Of course this is (I hope!!) good advice if you have a clean room to work in but sometimes you have no option but to replicate exactly what is already established, perhaps after a small battle to persuade them of the error of their ways!!

1 Like

I have a question mostly for @birger.haarbrandt
Is null flavour supported by EHRBase?
What is the syntax then?
If it is not supported how you account for compulsory field whose information is unknown?

Are you referring to the flat format?

1 Like

Well. The question was incomplete. What I would like to know is how you can treat data that can be unknown both from the template and the composition point of view. When I talk about the template I mean both the opt and the webtemplate (json for flat composition).

In fewer words can you write some example lines of what I have to put in both opt and webtemplate files and what I have to put in a composition in order to account in EHRBase for unknown data?

Ah, in this case its quite a general openEHR question. Unfortunately, I’m “on the road” until the weekend. I hope that somebody can provide an example in the meantime. Otherwise, I will be able to provide an example next week.

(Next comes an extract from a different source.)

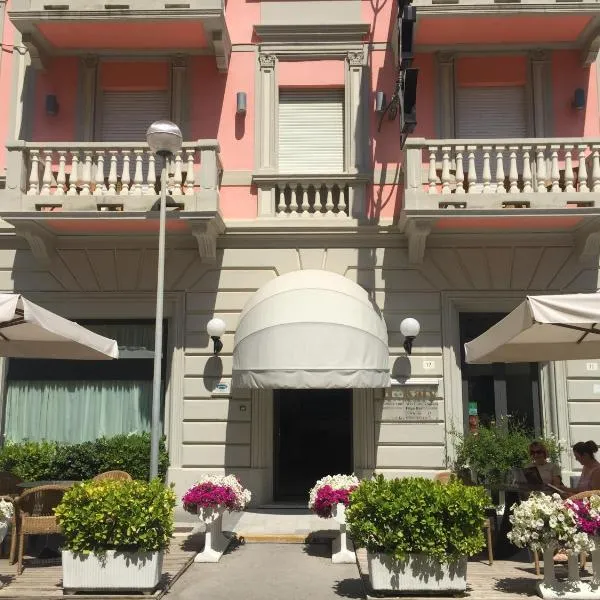 Hotel Katy, hôtel à Viareggio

thank you @birger.haarbrandt ,
I’ll appreciate very much the examples.
It’s quite a general openEHR question but I’m mostly interested in what EHRBase supports

Here is a valid example (at least in Better

 "initial_assesment/glasgow_coma_scale_gcs/best_motor_response_m/_null_flavour|code": "271", 

thanks Ian. And for the same example do I have to do something in the template?
I try to explain better. Do I have to know beforehand what data can be absent and declare them in some way in the template (this data may be present or not) or it is something that must be done only at composition level?
I assume it is the latter. I don’t always know in advance which data will be more susceptible to absence.

It would nearly always be a run-time ‘decision’ but occasionally (as per the example above) be a case where the archetype enforces mandation on a sub-score which is not recorded, only the total score. I’m not sure TBH if you can constrain that in templates.

that’s correct. However, if I remember correctly, you can limit to allowed absence reasons if this is required.


@birger.haarbrandt sorry to bother but can you post me some example that works with EHRBase?

Does anyone have experience with EHRBase and null values in flat format? Is it doable?